Mojtaba Khamenei, 55 ans, a été désigné guide suprême d'Iran le 9 mars par l'Assemblée des experts, succédant à son père tué dans une frappe aérienne à Téhéran. Depuis, son absence totale de la scène publique alimente les spéculations sur son état de santé réel. « Je pense qu'il est blessé, mais je pense qu'il est probablement vivant sous une forme ou une autre », a déclaré Trump à Fox News, faisant référence au nouveau dirigeant iranien.
Selon plusieurs sources israéliennes et iraniennes, Mojtaba Khamenei aurait été blessé lors des mêmes frappes qui ont coûté la vie à son père et à 49 autres hauts responsables iraniens. L'ambassadeur iranien à Chypre a confirmé que le nouveau guide souffrait de blessures aux jambes, aux bras et aux mains. Des médias internationaux évoquent également une fracture au pied, des ecchymoses autour de l'œil gauche et des coupures superficielles au visage.
Un silence inquiétant qui nourrit les doutes
Le fait que Mojtaba Khamenei n'ait pas prononcé personnellement de discours depuis sa nomination suscite des interrogations croissantes. Jeudi dernier, les médias d'État iraniens ont diffusé ce qu'ils ont présenté comme son « premier message », mais celui-ci a été lu par un présentateur, sans aucune apparition visuelle du guide.
Les autorités israéliennes, selon la chaîne 12, estiment que Mojtaba Khamenei est toujours en vie mais blessé. Cette évaluation rejoint les déclarations américaines sur l'état « endommagé » du nouveau dirigeant iranien. L'absence prolongée de Mojtaba alimente les spéculations sur sa capacité réelle à exercer ses fonctions de guide suprême.
Donald Trump, qui avait déclaré être « mécontent » de la nomination de Mojtaba Khamenei, qu'il qualifie de « poids léger », continue d'affirmer que Washington devrait avoir son mot à dire dans le choix du prochain dirigeant iranien. Le président américain avait qualifié Ali Khamenei de « l'une des personnes les plus maléfiques de l'Histoire » après sa mort.

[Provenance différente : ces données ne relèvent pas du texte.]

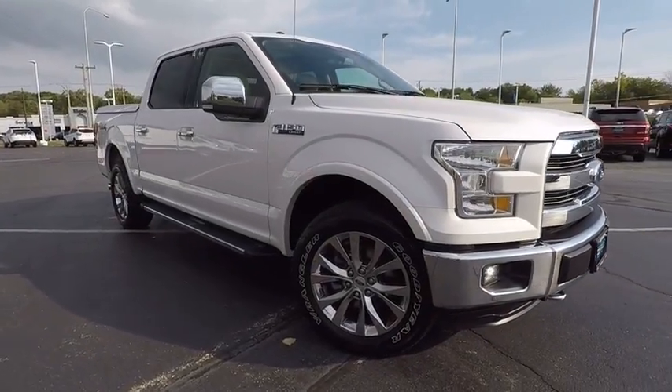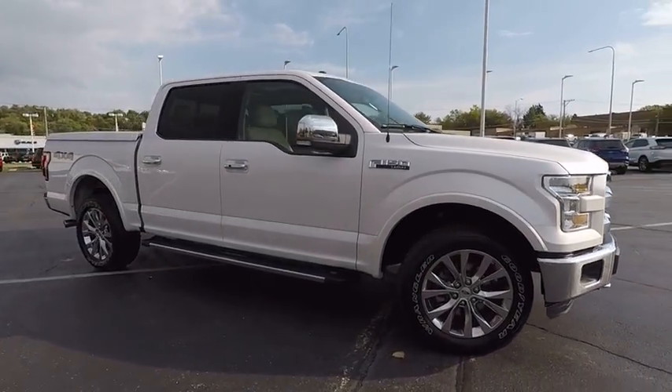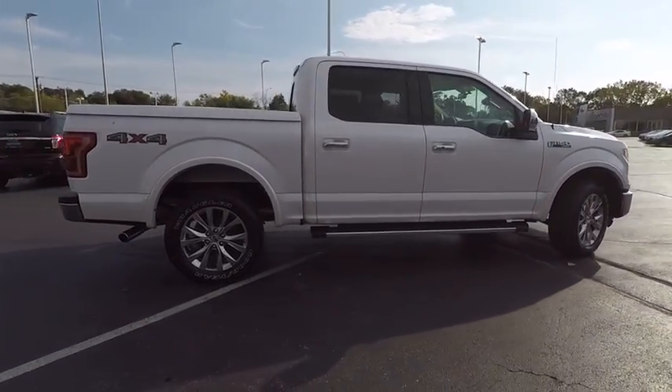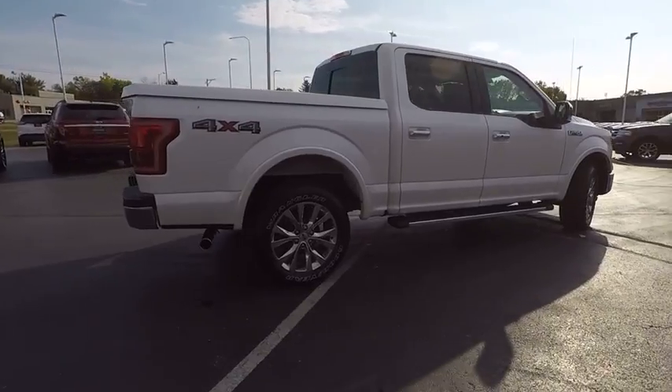The 2015 F-150. A Ford F-150 knows how to handle any situation. It's built to follow orders, no whining, and is priced below $45,000.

Une succession dans le chaos
La succession d'Ali Khamenei intervient dans un contexte de tensions extrêmes entre l'Iran et l'axe américano-israélien. Les frappes du 28 février ont décapité une partie importante du leadership iranien, créant un vide de pouvoir sans précédent. La République islamique traverse l'une des périodes les plus critiques de son histoire depuis la révolution de 1979.
Les prochains jours seront déterminants pour évaluer la capacité de Mojtaba Khamenei à s'imposer comme nouveau guide suprême. Son silence persistant et son absence physique continuent de susciter des questions sur la stabilité du régime iranien. Les observateurs internationaux surveillent attentivement toute évolution, alors que la région reste sous haute tension.

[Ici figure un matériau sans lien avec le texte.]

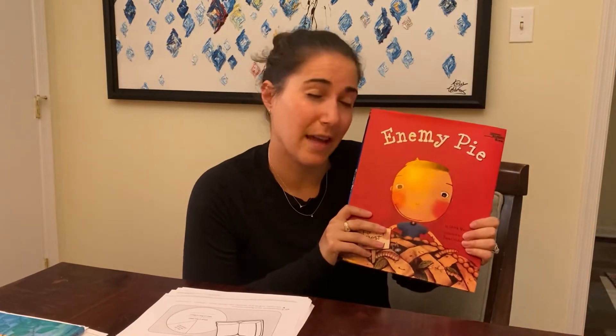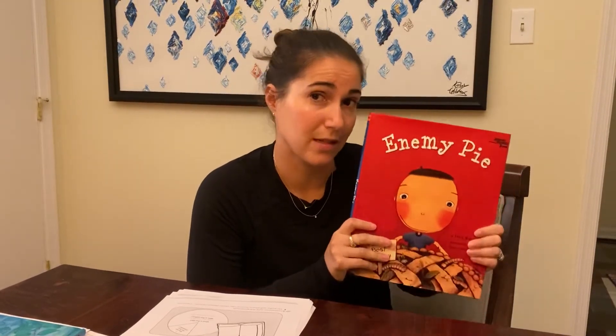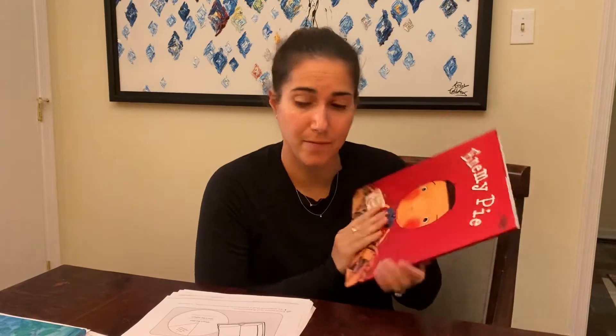So this is a really fun way to practice that. I'm going to be including a link to a reading of Enemy Pie. I really love this book — it's about an enemy that turns into a friend. There is definitely a conflict and a resolution, and there are really interesting, fun characters in here. And this is going to be my retell activity.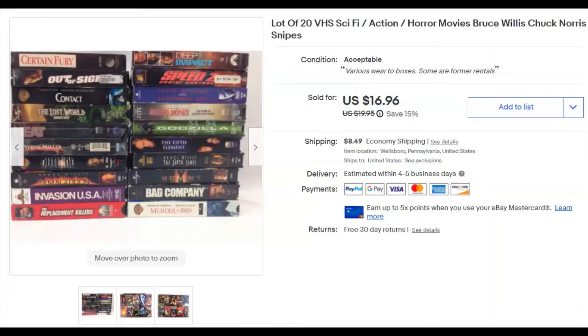Welcome to the show — this is 'What Sold on eBay This Week' for the final 10 days or so, from April 22nd to the 30th of 2021.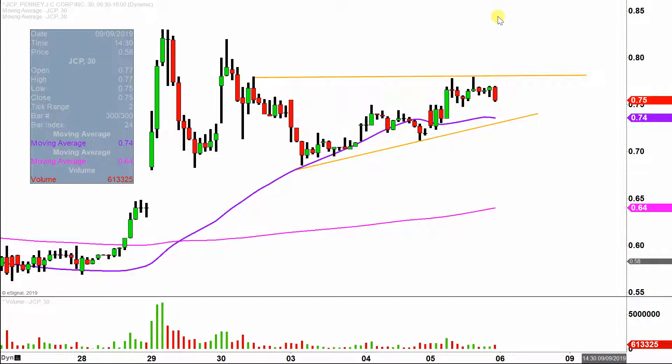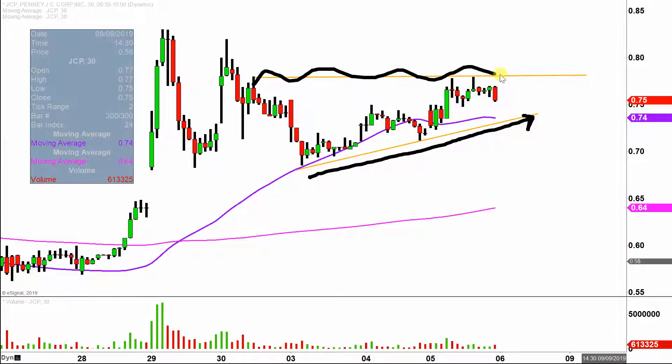What matters most is the story behind the pattern. And the story is: yeah, the bulls are indeed slowly making progress in the upwards direction. The problem is the bears up here are acting quite stubborn in regards to that area. So 78 cents is going to be that very key level of resistance going forward.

L'Iran, de son côté, maintient officiellement que son nouveau guide est en fonction, malgré des blessures qualifiées de « légères » par les autorités. Téhéran a promis de riposter aux frappes ayant tué Ali Khamenei, mais le calendrier et l'ampleur d'une éventuelle réponse restent incertains compte tenu de la situation interne du pays.